→ About this task:
Would you return the entries below exactly from the line containing "Silent Running Titles (long and aged) Magnet" onward, ending with the final line and including it, and nothing else?

Data excerpts

***

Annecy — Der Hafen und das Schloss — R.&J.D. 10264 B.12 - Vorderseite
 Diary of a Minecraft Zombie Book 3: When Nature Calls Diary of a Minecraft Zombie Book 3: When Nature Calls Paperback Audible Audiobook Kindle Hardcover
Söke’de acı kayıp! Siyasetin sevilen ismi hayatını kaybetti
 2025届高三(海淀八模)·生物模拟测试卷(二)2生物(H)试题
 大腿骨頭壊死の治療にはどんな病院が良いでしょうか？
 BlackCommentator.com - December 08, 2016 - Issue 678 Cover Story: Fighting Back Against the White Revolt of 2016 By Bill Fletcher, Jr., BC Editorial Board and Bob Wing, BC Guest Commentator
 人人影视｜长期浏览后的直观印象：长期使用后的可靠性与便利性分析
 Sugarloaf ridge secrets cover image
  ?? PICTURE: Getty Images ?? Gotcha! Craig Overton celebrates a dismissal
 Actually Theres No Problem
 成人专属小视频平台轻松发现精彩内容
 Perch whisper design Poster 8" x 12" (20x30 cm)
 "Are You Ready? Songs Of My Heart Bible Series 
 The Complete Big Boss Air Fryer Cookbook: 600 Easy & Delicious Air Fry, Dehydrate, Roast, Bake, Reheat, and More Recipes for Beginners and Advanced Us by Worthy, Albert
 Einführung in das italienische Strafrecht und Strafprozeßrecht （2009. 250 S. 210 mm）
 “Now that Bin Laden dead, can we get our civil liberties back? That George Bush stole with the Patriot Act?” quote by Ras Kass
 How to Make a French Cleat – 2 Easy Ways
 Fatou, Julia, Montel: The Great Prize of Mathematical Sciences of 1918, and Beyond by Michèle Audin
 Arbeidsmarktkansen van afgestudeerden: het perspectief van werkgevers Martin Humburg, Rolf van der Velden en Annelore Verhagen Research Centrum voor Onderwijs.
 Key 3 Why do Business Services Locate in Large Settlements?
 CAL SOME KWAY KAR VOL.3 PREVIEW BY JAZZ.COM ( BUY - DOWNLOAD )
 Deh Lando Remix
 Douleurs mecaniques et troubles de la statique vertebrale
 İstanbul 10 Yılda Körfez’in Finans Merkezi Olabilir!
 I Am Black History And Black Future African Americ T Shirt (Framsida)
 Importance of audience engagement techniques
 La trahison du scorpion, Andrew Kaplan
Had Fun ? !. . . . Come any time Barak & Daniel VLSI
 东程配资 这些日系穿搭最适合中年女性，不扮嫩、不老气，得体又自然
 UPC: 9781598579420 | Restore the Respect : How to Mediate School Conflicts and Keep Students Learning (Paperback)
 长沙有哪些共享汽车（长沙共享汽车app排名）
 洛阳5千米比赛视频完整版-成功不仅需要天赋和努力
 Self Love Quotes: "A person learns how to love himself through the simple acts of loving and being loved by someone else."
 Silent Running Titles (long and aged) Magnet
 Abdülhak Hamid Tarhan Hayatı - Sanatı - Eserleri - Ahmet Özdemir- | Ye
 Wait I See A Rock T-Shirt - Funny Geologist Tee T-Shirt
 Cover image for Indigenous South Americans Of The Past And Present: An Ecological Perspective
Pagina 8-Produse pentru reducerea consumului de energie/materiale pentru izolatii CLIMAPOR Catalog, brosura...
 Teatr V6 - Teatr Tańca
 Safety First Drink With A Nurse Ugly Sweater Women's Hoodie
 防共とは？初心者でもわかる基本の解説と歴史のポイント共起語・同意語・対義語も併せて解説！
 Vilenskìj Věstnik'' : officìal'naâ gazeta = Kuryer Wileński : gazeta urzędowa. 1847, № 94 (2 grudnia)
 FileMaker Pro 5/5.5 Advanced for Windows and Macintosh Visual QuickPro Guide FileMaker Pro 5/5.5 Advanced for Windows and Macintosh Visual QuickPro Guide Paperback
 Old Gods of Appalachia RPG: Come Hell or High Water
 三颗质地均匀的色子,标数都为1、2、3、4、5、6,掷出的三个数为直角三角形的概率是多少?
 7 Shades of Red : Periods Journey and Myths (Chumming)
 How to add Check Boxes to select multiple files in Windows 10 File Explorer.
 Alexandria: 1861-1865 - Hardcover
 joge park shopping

***

→ Your response:
 Silent Running Titles (long and aged) Magnet
 Abdülhak Hamid Tarhan Hayatı - Sanatı - Eserleri - Ahmet Özdemir- | Ye
 Wait I See A Rock T-Shirt - Funny Geologist Tee T-Shirt
 Cover image for Indigenous South Americans Of The Past And Present: An Ecological Perspective
Pagina 8-Produse pentru reducerea consumului de energie/materiale pentru izolatii CLIMAPOR Catalog, brosura...
 Teatr V6 - Teatr Tańca
 Safety First Drink With A Nurse Ugly Sweater Women's Hoodie
 防共とは？初心者でもわかる基本の解説と歴史のポイント共起語・同意語・対義語も併せて解説！
 Vilenskìj Věstnik'' : officìal'naâ gazeta = Kuryer Wileński : gazeta urzędowa. 1847, № 94 (2 grudnia)
 FileMaker Pro 5/5.5 Advanced for Windows and Macintosh Visual QuickPro Guide FileMaker Pro 5/5.5 Advanced for Windows and Macintosh Visual QuickPro Guide Paperback
 Old Gods of Appalachia RPG: Come Hell or High Water
 三颗质地均匀的色子,标数都为1、2、3、4、5、6,掷出的三个数为直角三角形的概率是多少?
 7 Shades of Red : Periods Journey and Myths (Chumming)
 How to add Check Boxes to select multiple files in Windows 10 File Explorer.
 Alexandria: 1861-1865 - Hardcover
 joge park shopping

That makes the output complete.